■ **What to do**: Whenever "Stainless" appears in a line, please copy that line from the data.

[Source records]
* * * *
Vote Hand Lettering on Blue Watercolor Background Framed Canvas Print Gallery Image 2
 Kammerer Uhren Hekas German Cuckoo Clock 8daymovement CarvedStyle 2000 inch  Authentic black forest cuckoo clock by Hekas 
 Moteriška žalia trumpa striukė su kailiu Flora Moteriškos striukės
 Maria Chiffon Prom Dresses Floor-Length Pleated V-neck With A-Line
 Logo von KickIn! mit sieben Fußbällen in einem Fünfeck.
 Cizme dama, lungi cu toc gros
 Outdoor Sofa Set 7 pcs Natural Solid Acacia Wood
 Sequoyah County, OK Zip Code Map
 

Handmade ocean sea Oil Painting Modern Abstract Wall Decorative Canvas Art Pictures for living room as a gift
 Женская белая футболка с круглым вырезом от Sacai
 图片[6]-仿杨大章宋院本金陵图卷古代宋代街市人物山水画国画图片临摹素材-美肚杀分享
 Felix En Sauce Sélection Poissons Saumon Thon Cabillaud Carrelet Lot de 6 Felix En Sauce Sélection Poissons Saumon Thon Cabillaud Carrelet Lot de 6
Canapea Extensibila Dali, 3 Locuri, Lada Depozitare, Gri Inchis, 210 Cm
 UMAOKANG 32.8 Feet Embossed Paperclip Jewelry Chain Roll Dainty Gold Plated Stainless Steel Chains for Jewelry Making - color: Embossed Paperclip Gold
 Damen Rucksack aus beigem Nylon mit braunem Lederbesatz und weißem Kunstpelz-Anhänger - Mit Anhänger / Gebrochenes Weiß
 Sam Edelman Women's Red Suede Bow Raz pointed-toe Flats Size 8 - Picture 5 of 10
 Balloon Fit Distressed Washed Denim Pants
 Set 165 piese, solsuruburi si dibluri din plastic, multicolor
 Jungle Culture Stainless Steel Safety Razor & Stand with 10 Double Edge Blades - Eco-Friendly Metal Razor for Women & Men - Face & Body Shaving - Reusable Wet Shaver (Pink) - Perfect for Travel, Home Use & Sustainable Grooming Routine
* * * *
■ **Written solution**:
 UMAOKANG 32.8 Feet Embossed Paperclip Jewelry Chain Roll Dainty Gold Plated Stainless Steel Chains for Jewelry Making - color: Embossed Paperclip Gold
 Jungle Culture Stainless Steel Safety Razor & Stand with 10 Double Edge Blades - Eco-Friendly Metal Razor for Women & Men - Face & Body Shaving - Reusable Wet Shaver (Pink) - Perfect for Travel, Home Use & Sustainable Grooming Routine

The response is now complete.